Problem to work on.
In the listing that follows, locate the line containing "Pink Polka Dot" and the line containing "30inches 400g 13*6hd frontal Deep wave". Retype exactly those two lines and every line between them, and nothing more.

Exercise materials.
# # # # # # #

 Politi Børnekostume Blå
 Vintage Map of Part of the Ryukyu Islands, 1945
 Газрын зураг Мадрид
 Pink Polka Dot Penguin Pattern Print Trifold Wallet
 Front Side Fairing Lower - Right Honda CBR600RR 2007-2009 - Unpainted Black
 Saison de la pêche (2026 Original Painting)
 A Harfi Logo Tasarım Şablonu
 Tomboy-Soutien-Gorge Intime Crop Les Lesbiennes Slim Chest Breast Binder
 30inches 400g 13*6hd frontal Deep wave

# # # # # # #

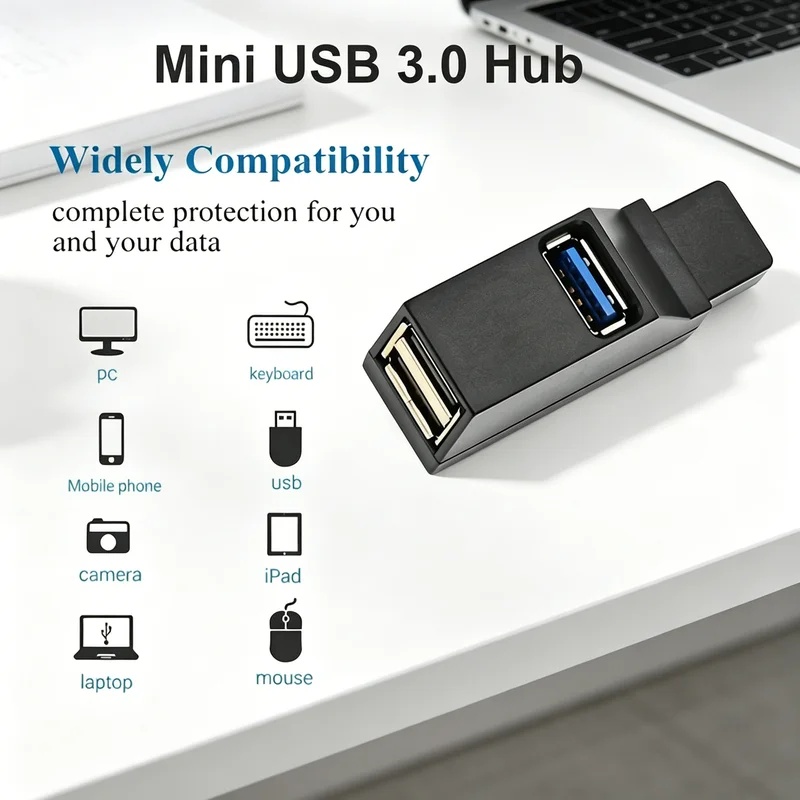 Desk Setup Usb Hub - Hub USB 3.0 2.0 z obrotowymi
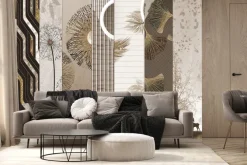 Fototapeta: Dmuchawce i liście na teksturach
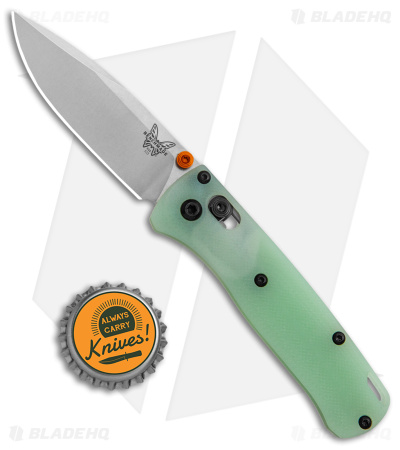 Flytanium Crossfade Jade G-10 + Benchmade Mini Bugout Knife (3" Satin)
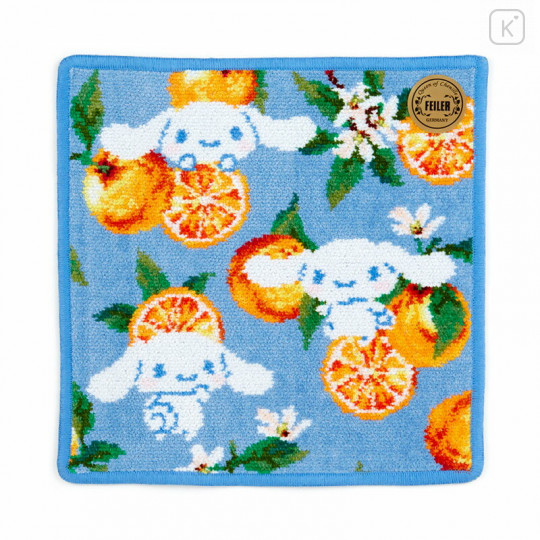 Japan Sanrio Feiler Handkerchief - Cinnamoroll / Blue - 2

# # # # # # #

Exercise solution.
 Pink Polka Dot Penguin Pattern Print Trifold Wallet
 Front Side Fairing Lower - Right Honda CBR600RR 2007-2009 - Unpainted Black
 Saison de la pêche (2026 Original Painting)
 A Harfi Logo Tasarım Şablonu
 Tomboy-Soutien-Gorge Intime Crop Les Lesbiennes Slim Chest Breast Binder
 30inches 400g 13*6hd frontal Deep wave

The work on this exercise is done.